Aside from his paintings of crazy landscapes, melting clocks and naked women, he's also known to have created a cookbook some 40 years ago. It includes strange creations like Frog Pasties and eel cooked with bacon — his sensibilities in the kitchen often mimicking those of his famous works.
The book, which will be reissued for the first time in 40 years (and just in time for the holidays), has only about 400 initial copies known to still survive. It's been widely known to have existed among art collectors, but many have gone without seeing it due to the limited number available. The reissue will be a first look for many fans of Dalí and just weird cooking in general.
“You’ll see looking through it how much of a cultural artifact it is,” says a spokeswoman for the book's publisher, Taschen. “Recipes from top chefs at French restaurants that are still pumping and serving today, beautiful artworks that were made explicitly for the book, and recipes that people will enjoy simply by reading or [if they want] challenge them in the kitchen.”

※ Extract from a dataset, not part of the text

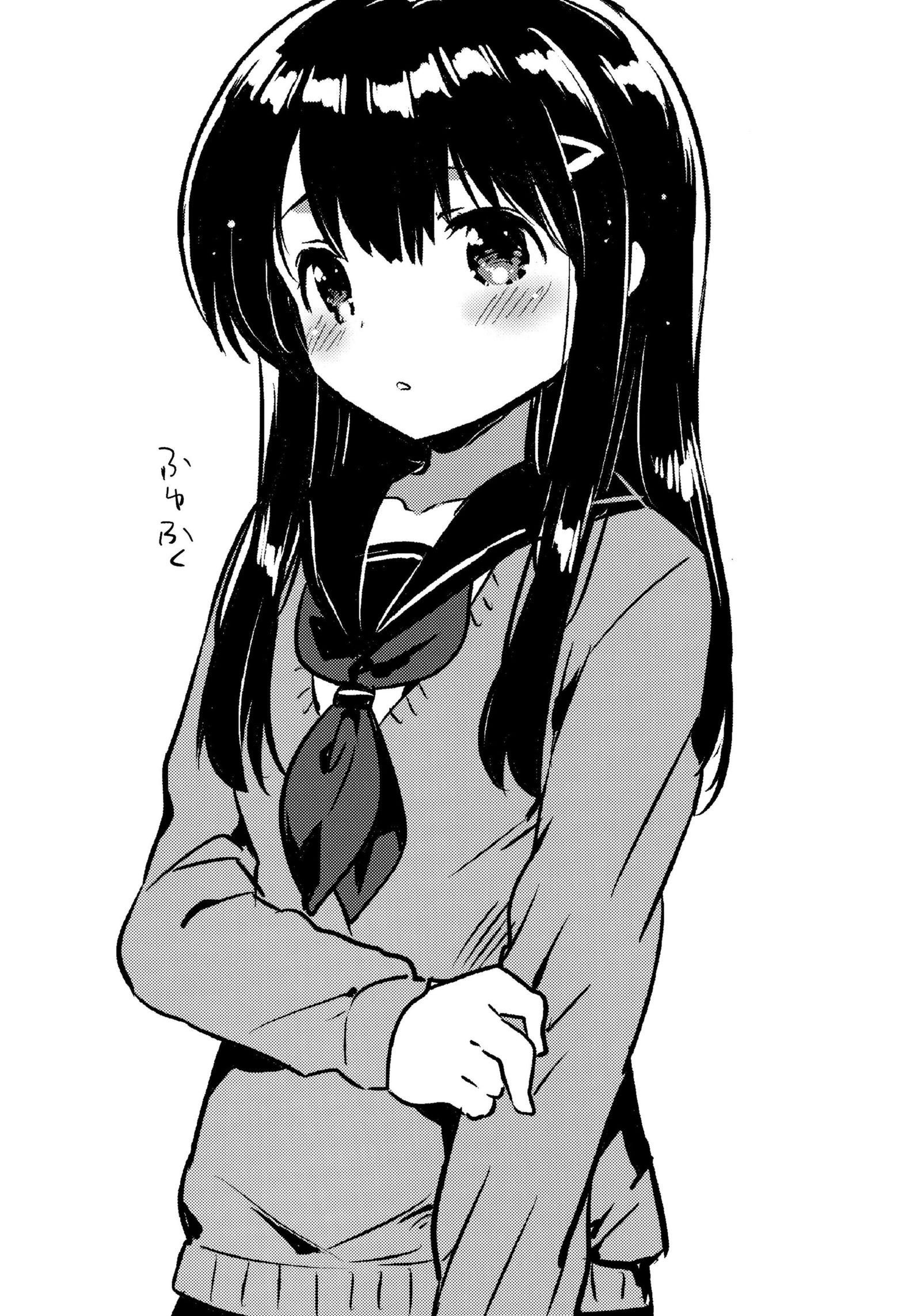 Imouto wa Amnesia close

As it's known, Dalí was a man who enjoyed food. He was infamous for throwing extremely lavish dinner parties featuring exotic and expensive dishes from around the world.
Along with Dalí's surrealistic take on excess, the book also features some of his philosophical beliefs on what he believes makes food great.
"I only like to eat what has a clear and intelligible form," he once said. "If I hate that detestable degrading vegetable called spinach it is because it is shapeless, like Liberty."
"The jaw is our best tool to grasp philosophical knowledge," Dalí adds. "Disgust is the ever present watchman of my table, sternly overseeing my meals obliging me to choose my food with caution."